> _TASK_:
Exclude the pictures. Transcribe, exactly as written, the lines from the one with "this 500×333 image." through the end of the entries below.

Referring expression grounding data
---+---

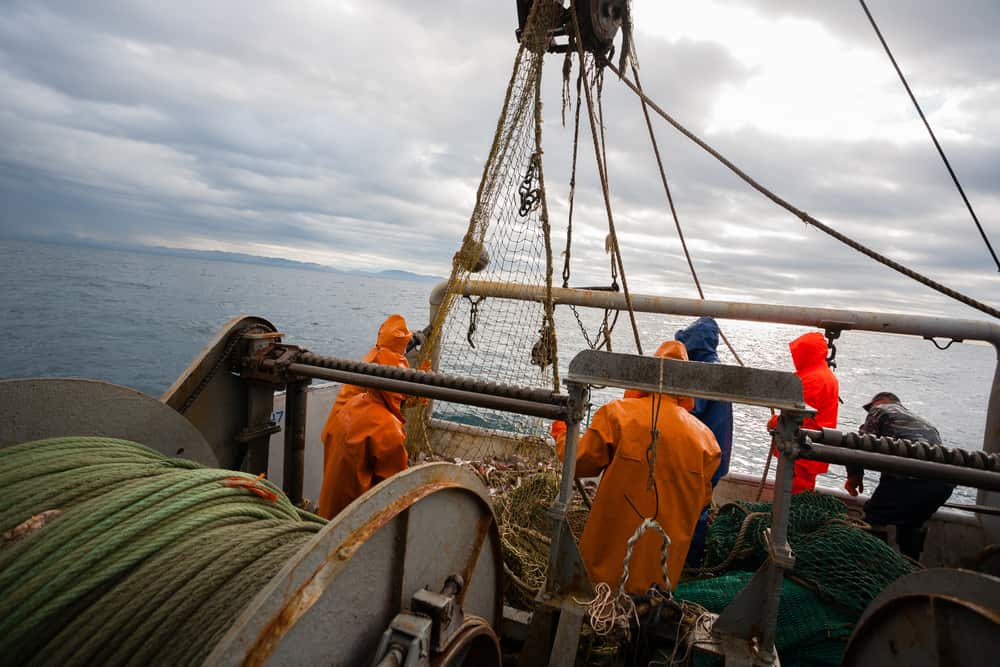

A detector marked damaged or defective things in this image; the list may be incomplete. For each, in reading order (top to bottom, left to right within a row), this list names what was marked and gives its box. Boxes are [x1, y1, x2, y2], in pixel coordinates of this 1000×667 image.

rusty metal surface [0, 376, 217, 464]
rusty metal surface [568, 350, 808, 412]
rusty metal surface [204, 464, 504, 667]
rusty metal surface [844, 568, 1000, 667]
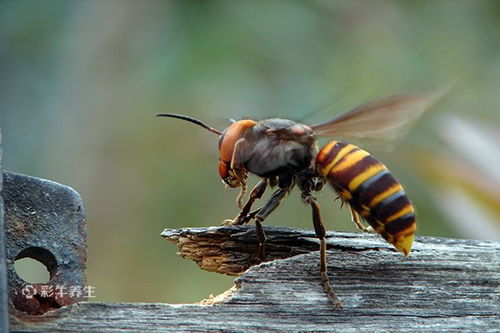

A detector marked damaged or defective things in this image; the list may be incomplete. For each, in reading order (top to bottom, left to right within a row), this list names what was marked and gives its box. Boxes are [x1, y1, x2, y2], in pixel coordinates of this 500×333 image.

rusty metal bracket [3, 171, 87, 314]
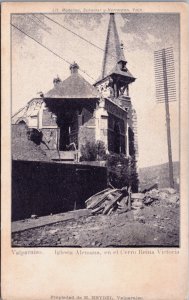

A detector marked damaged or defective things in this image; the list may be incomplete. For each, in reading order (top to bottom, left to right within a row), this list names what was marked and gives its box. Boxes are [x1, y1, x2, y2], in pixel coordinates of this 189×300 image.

damaged church building [12, 13, 139, 220]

---+---

> _RESULT OF THIS TASK_:
A detector marked damaged or defective things in this image; the list may be incomplete. For each, in reading order (top to bottom, left to right within a row), this list names what was marked and gives its box. Boxes are [x1, y1, x2, y2], in pixel coordinates of this 500×333 image.

rusty metal bracket [3, 171, 87, 314]

A detector marked damaged or defective things in this image; the list may be incomplete. For each, in reading order (top to bottom, left to right within a row), this list names what was marked and gives its box. Boxes are [x1, y1, x2, y2], in pixel coordinates of this 189×300 image.

damaged church building [12, 13, 139, 220]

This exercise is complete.